Because the kind of action EPIC is seeking is subject to the complete discretion of the Supreme Court, under its rules, the Justices presumably have a wide range of options open in reaction. They could ask the federal government for a response, or they presumably could act simply on the basis of the materials EPIC will be filing.
UPDATE: The following has been added after a telephone conference call with the news media Monday afternoon.
Marc Rotenberg, EPIC’s president, told reporters that the organization had kept its request narrow, to reflect the significance of the unusual plea it was asking the Court to consider. “It would have been a little bit too much,” he said, if EPIC had sought some immediate action by the Court, or if it had added a constitutional question, such as the impact of the Fourth Amendment’s privacy guarantees. The case as filed, he said, is focused solely on whether the federal law has been “appropriately applied.”
Noting that he has had extensive experience in privacy cases, Rotenberg commented that “I’ve never seen a court order as broad — applied solely to domestic communications.”

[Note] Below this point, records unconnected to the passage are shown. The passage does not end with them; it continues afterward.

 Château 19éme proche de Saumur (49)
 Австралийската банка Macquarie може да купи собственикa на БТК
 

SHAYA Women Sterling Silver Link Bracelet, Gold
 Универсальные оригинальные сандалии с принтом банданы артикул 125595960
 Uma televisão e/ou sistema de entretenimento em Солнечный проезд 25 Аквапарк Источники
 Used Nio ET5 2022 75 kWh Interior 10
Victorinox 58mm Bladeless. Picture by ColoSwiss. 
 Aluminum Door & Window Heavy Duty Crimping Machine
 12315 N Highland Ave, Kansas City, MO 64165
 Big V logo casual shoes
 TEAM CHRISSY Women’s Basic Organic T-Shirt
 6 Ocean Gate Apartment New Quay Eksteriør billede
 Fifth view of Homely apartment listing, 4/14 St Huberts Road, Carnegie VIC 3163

Asked to discuss the potential impact on this petition of the Court’s Clapper decision, he said there were “key facts” making the two cases difference: first, that the Clapper case involved a surveillance program of unknown scope, while the petition relies upon the actual text of Judge Vinson’s order showing its breadth, and, second, that much of the Clapper ruling was focused on gathering foreign intelligence, while this case involves communications in the U.S. The Vinson order, he added, “is the key.”
On the question of whether the petition satisfies the Court’s rule that such a request could not have been pursued in any other court, Rotenberg said that, “if we could have filed elsewhere, we would have.” The lower federal courts, he said, would not have the authority to nullify an order of the FIS Court. And, he said, his group would have no legal right to appear before the special FIS appellate court to challenge the Vinson order.
He said he assumed that the Court would take no action on the petition until early in its next Term, beginning in October.